[Entries taken from a collection]
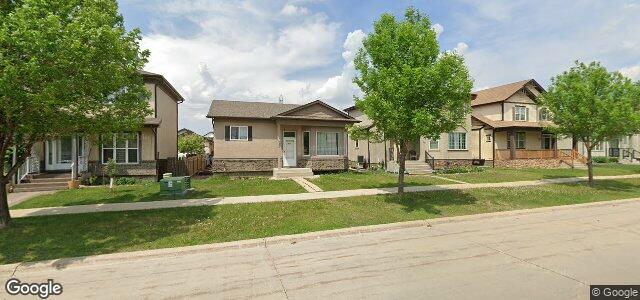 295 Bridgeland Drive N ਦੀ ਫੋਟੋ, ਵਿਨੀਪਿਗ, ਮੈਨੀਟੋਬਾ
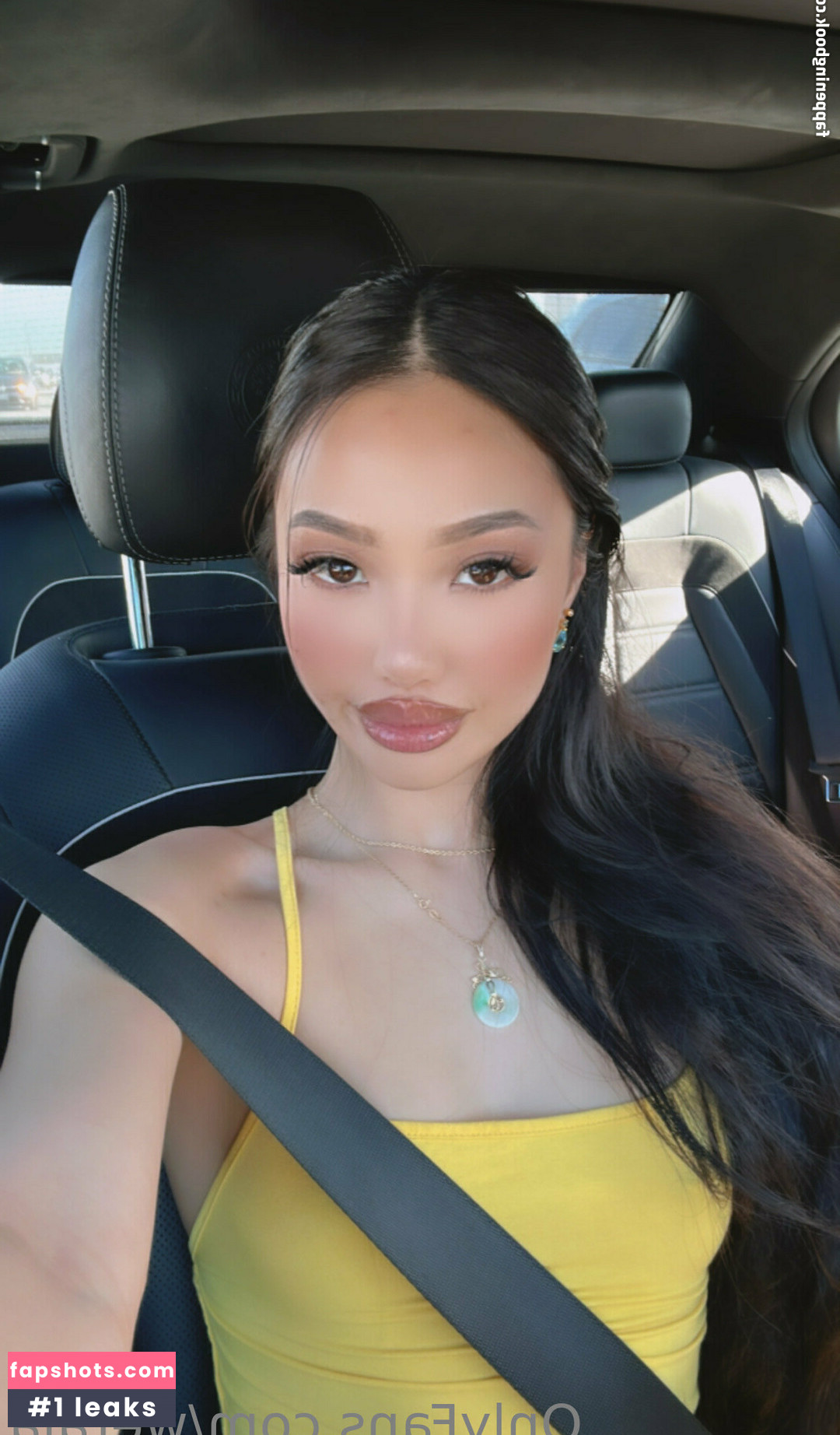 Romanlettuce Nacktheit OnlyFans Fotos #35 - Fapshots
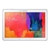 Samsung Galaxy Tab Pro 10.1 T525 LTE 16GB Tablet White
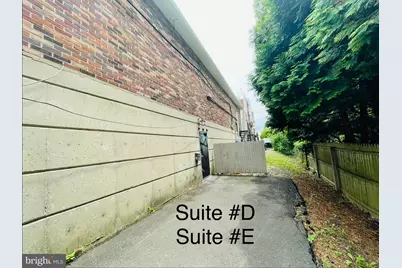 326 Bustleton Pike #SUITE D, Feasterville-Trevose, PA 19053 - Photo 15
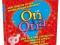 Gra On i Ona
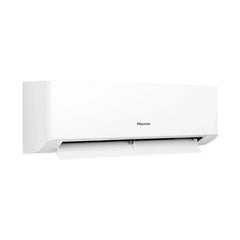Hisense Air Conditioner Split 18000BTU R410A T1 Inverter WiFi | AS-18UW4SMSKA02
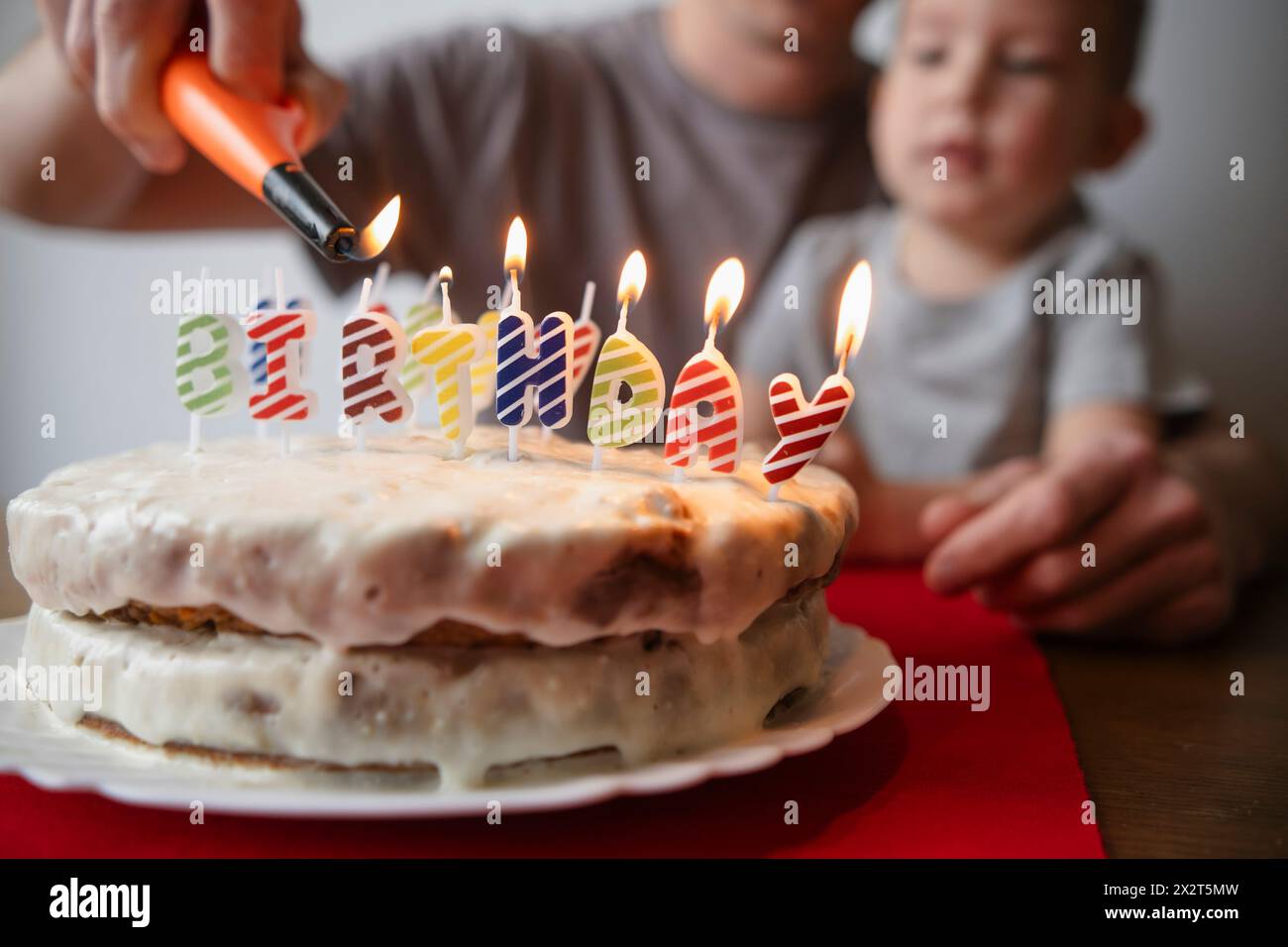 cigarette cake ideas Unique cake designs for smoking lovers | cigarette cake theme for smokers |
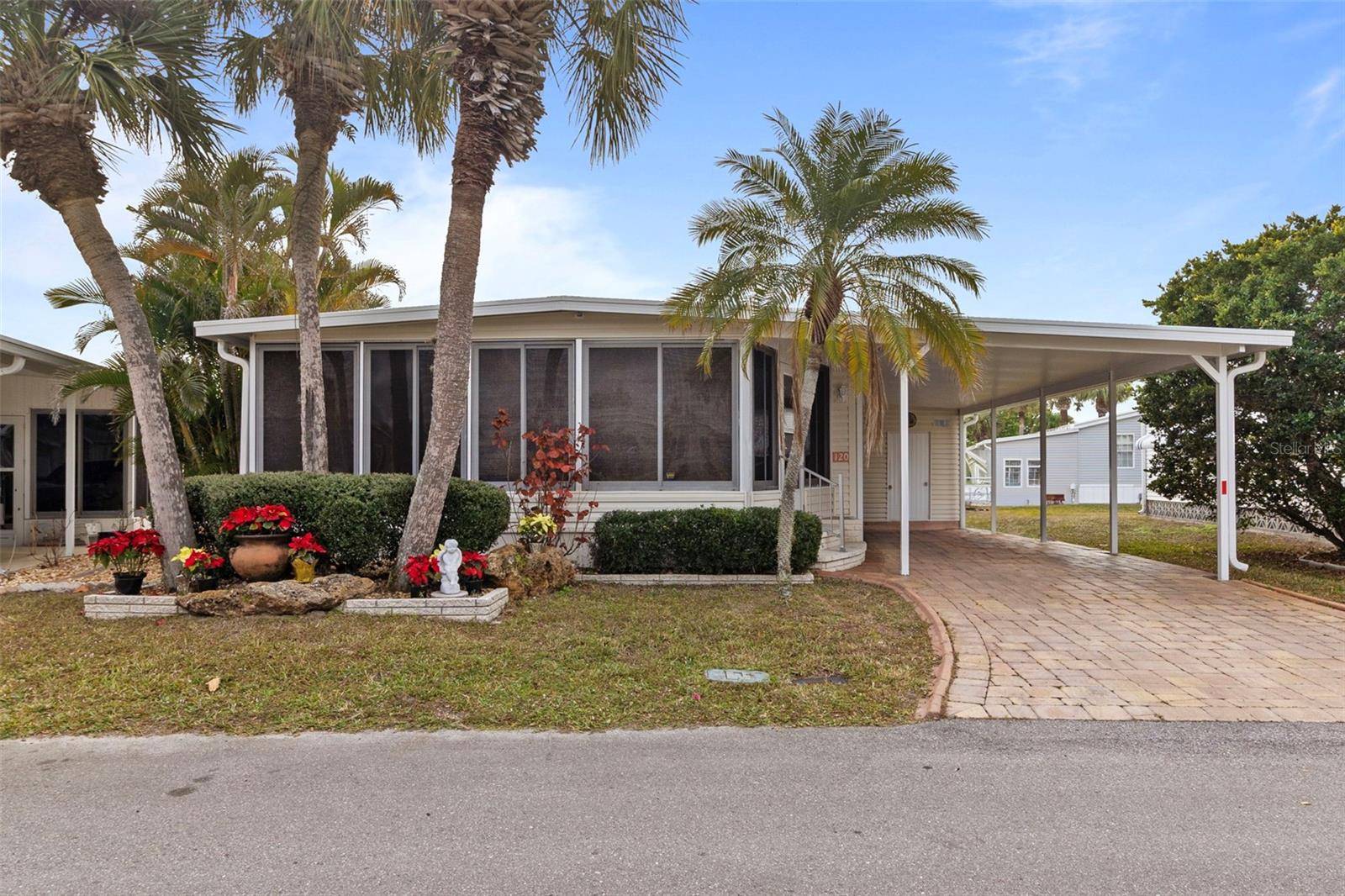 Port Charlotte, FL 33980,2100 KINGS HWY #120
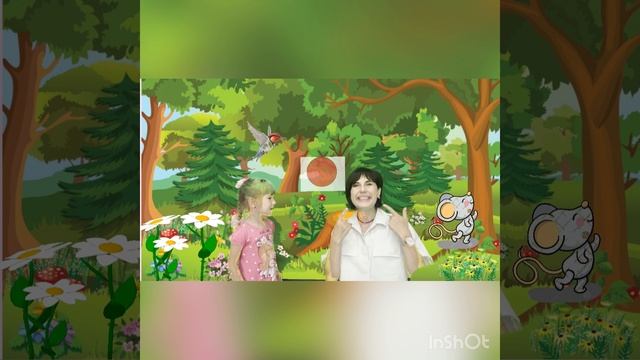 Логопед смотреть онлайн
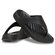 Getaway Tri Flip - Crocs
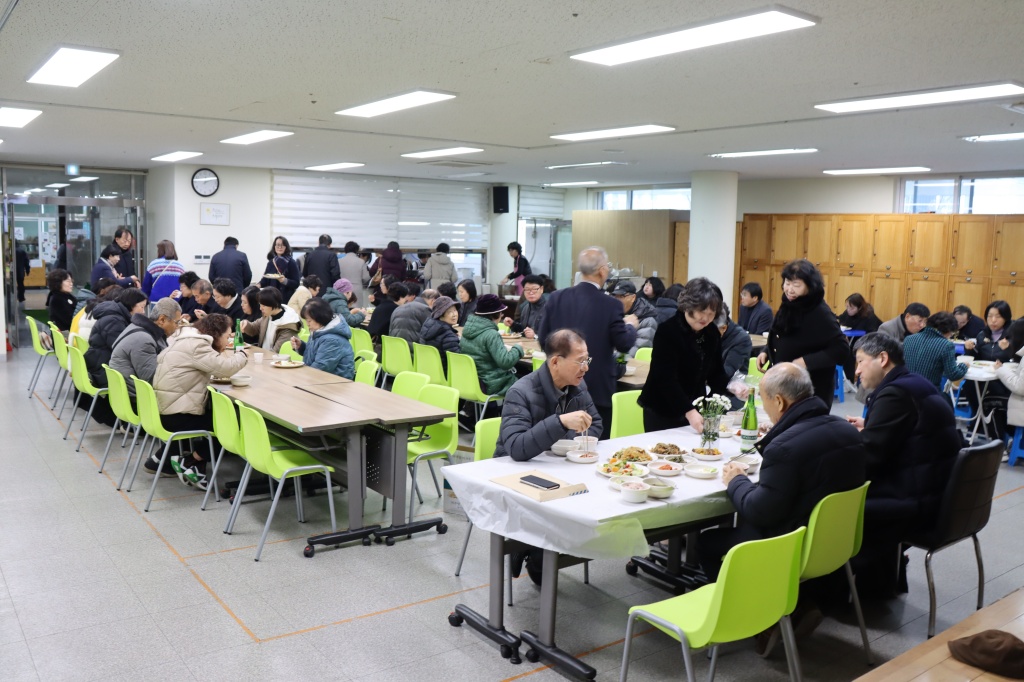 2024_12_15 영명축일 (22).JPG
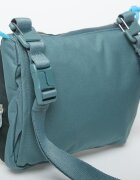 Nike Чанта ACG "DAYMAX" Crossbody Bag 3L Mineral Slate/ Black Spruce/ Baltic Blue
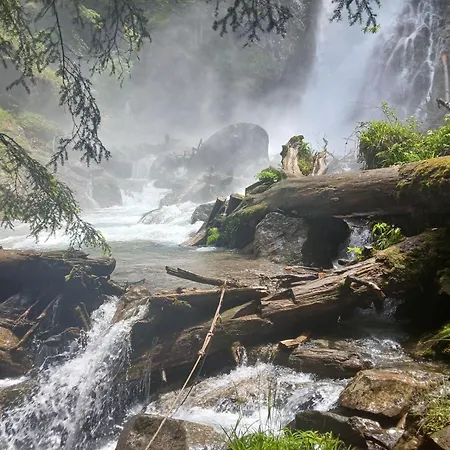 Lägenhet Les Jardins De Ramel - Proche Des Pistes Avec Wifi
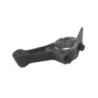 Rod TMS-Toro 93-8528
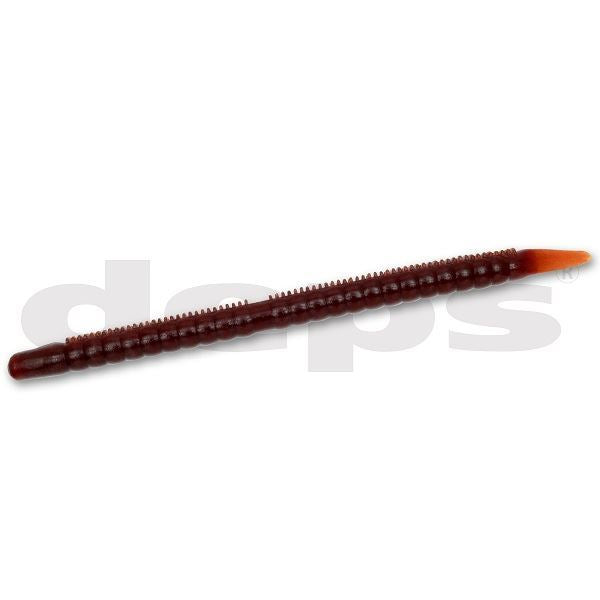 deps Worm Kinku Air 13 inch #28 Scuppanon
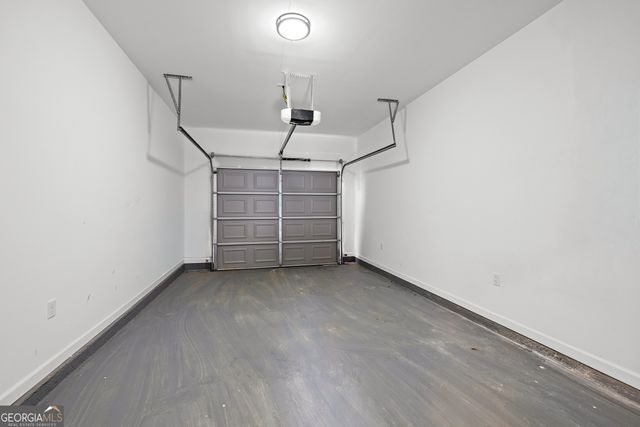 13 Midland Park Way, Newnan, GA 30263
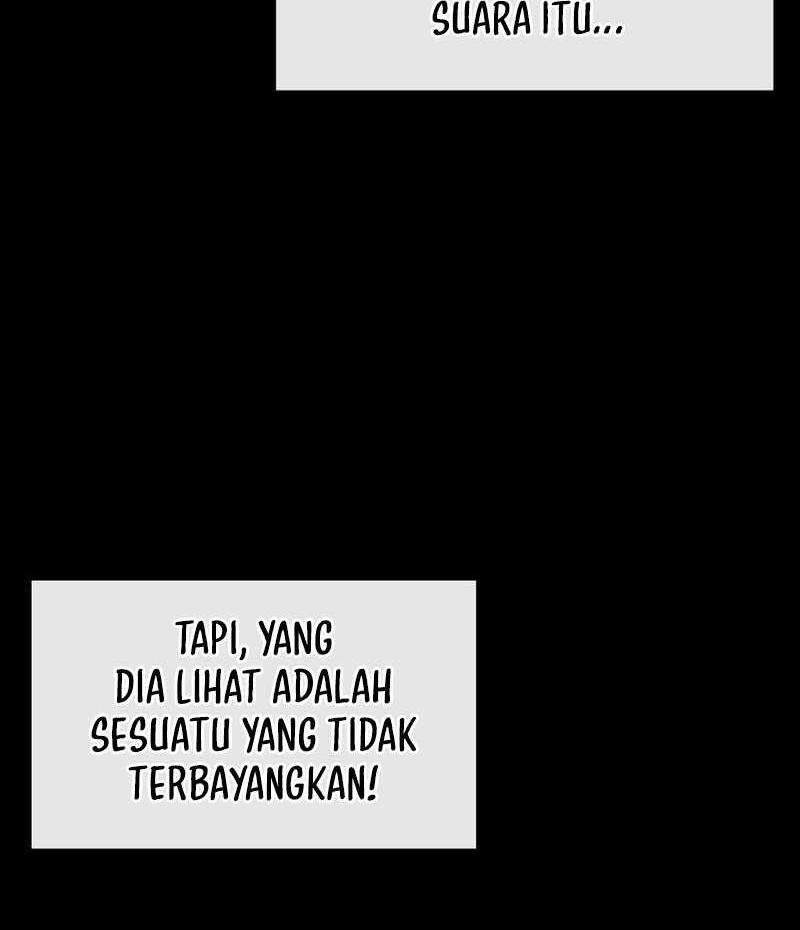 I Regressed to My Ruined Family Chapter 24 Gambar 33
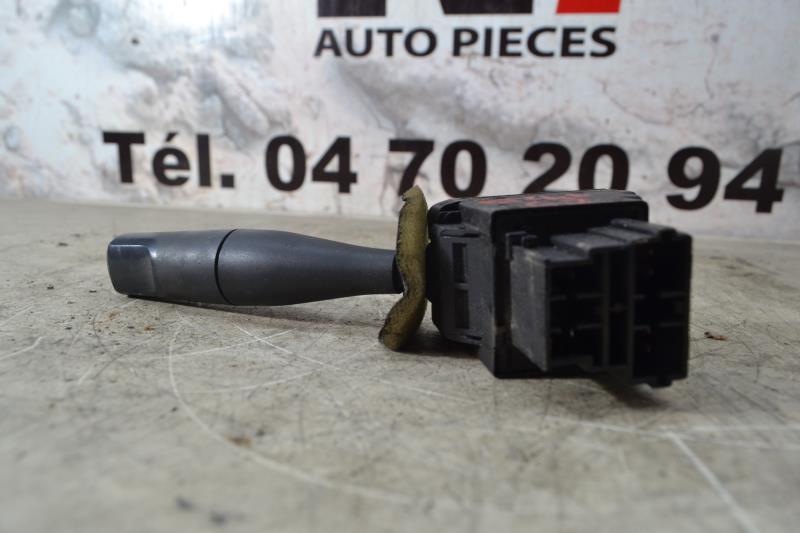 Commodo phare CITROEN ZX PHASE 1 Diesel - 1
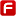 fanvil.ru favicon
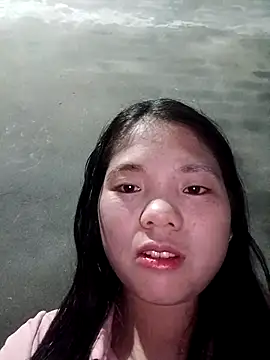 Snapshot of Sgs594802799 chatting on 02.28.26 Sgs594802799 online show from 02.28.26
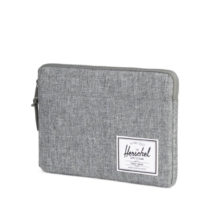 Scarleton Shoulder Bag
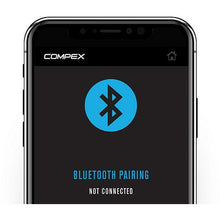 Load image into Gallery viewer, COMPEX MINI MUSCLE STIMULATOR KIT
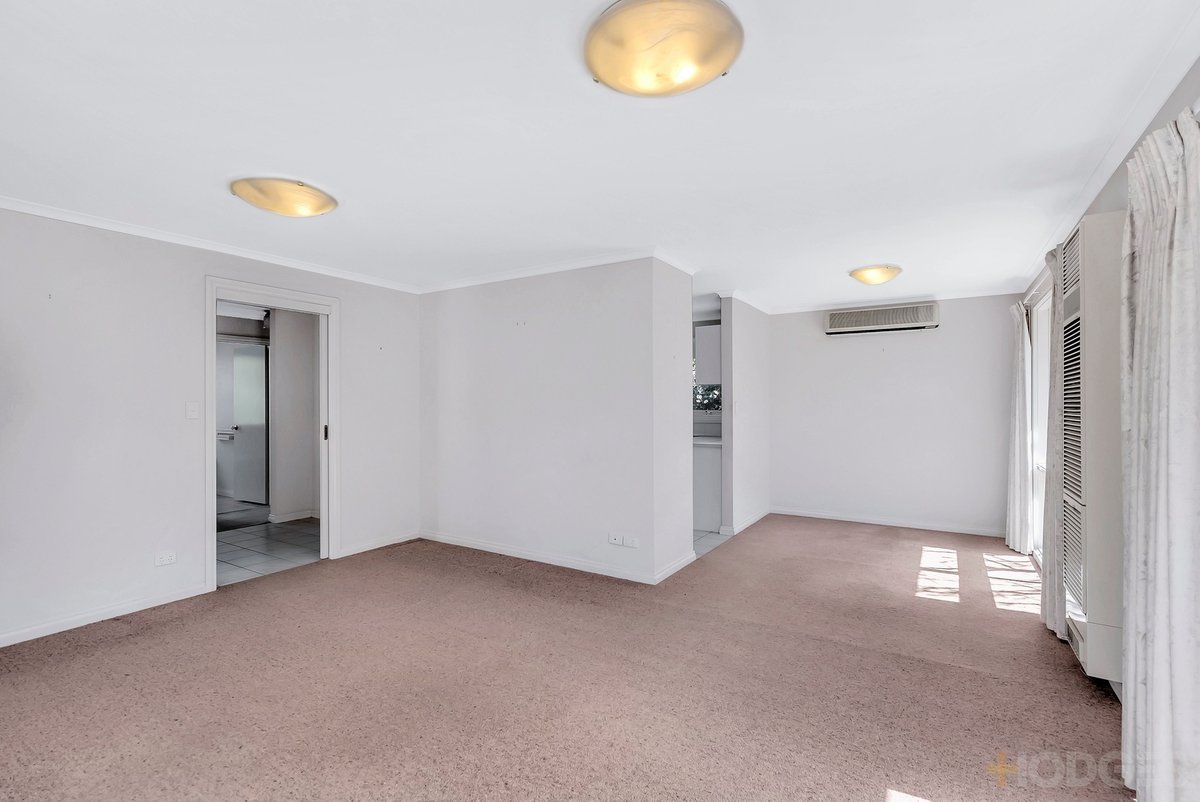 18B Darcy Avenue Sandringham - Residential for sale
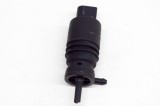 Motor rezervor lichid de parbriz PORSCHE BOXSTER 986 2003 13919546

▶ Task objective:
Set down the entries shown above once more, exactly as they read, but without pictures.

▶ Written response:
 295 Bridgeland Drive N ਦੀ ਫੋਟੋ, ਵਿਨੀਪਿਗ, ਮੈਨੀਟੋਬਾ
 Romanlettuce Nacktheit OnlyFans Fotos #35 - Fapshots
 Samsung Galaxy Tab Pro 10.1 T525 LTE 16GB Tablet White
 326 Bustleton Pike #SUITE D, Feasterville-Trevose, PA 19053 - Photo 15
 Gra On i Ona
Hisense Air Conditioner Split 18000BTU R410A T1 Inverter WiFi | AS-18UW4SMSKA02
 cigarette cake ideas Unique cake designs for smoking lovers | cigarette cake theme for smokers |
 Port Charlotte, FL 33980,2100 KINGS HWY #120
 Логопед смотреть онлайн
 Getaway Tri Flip - Crocs
 2024_12_15 영명축일 (22).JPG
 Nike Чанта ACG "DAYMAX" Crossbody Bag 3L Mineral Slate/ Black Spruce/ Baltic Blue
 Lägenhet Les Jardins De Ramel - Proche Des Pistes Avec Wifi
 Rod TMS-Toro 93-8528
 deps Worm Kinku Air 13 inch #28 Scuppanon
 13 Midland Park Way, Newnan, GA 30263
 I Regressed to My Ruined Family Chapter 24 Gambar 33
 Commodo phare CITROEN ZX PHASE 1 Diesel - 1
 fanvil.ru favicon
 Snapshot of Sgs594802799 chatting on 02.28.26 Sgs594802799 online show from 02.28.26
 Scarleton Shoulder Bag
 Load image into Gallery viewer, COMPEX MINI MUSCLE STIMULATOR KIT
 18B Darcy Avenue Sandringham - Residential for sale
 Motor rezervor lichid de parbriz PORSCHE BOXSTER 986 2003 13919546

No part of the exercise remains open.